Let every Christian soul ask himself if this is how it is, and let him
hearken to the answer that his conscience gives him in his heart. Oh,
may we not hear, “You only please your flesh in the passions; your cross
is not exalted—it is thrown into the pit of the passions, and is
rotting there in negligence and contempt!”
When the Lord was
taken down from the Cross, the Cross remained on Golgotha, and then it
was thrown into the pit that was in that place, where this instrument of
execution was usually thrown, together with other refuse. Soon
Jerusalem was razed and all of its edifices were leveled to the ground.
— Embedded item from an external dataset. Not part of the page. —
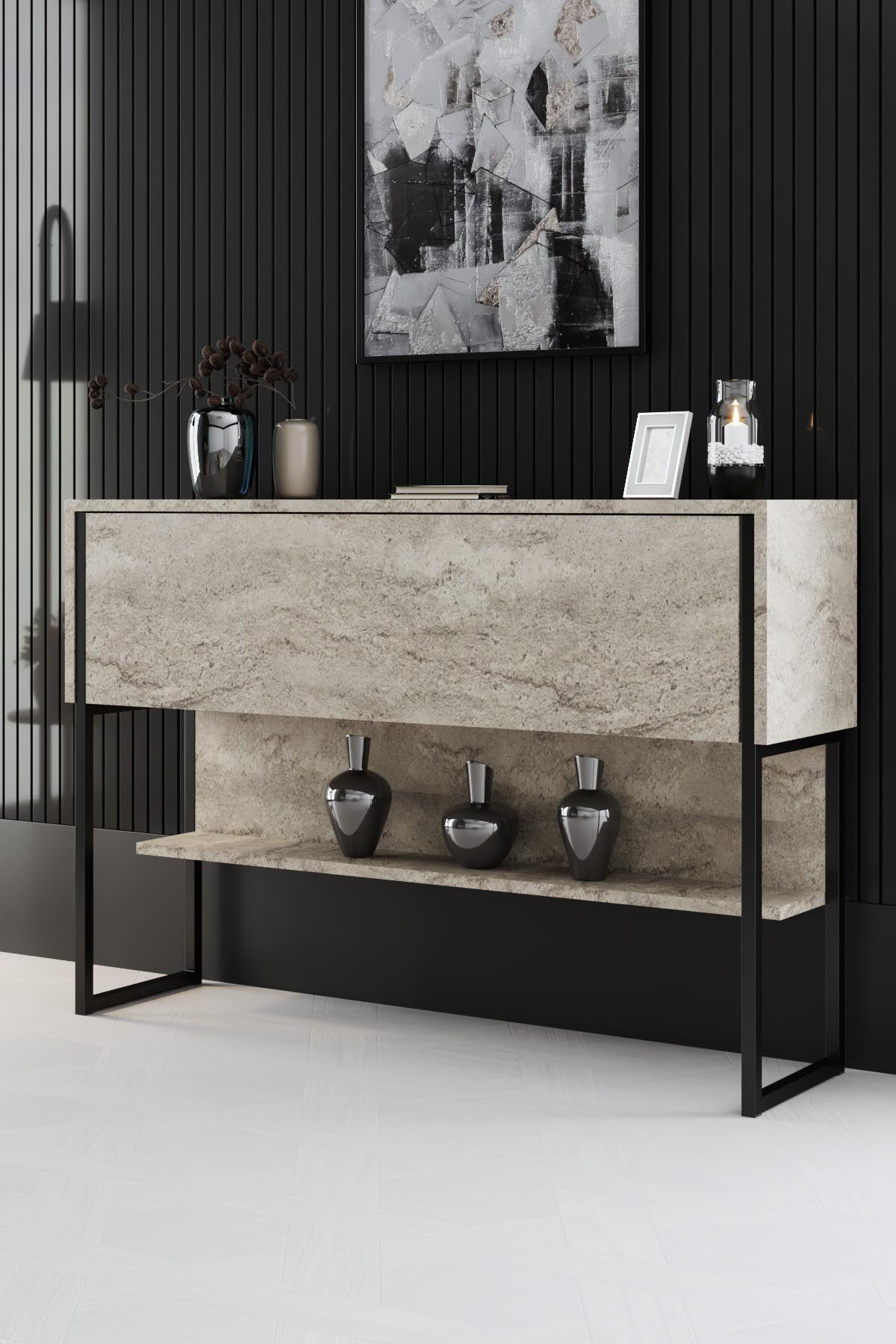 Entdecken Sie den eleganten TV-Stand Luxe - Travertine, Black von Hanah Home. Stilvolles Design, robuste Materialien und vielseitige Funktionalität für Ihr Wohnzimmer.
The pit containing the Cross of Christ was also filled over. When the
pagans rebuilt the city (the Jews were forbidden to come near the place
where it was), it happened that on the place where the Cross of Christ
was hidden, they placed an idol of Venus, the pagan Goddess
of fornication and all manner of lusts. This is what the enemy suggested
to them. This is how it is with our inner cross. When the enemy
destroys the spiritual order in the soul, this is our mental Jerusalem,
and then the spiritual cross is thrown down from the Golgotha of the
heart and is covered over with the garbage of the affections and lusts.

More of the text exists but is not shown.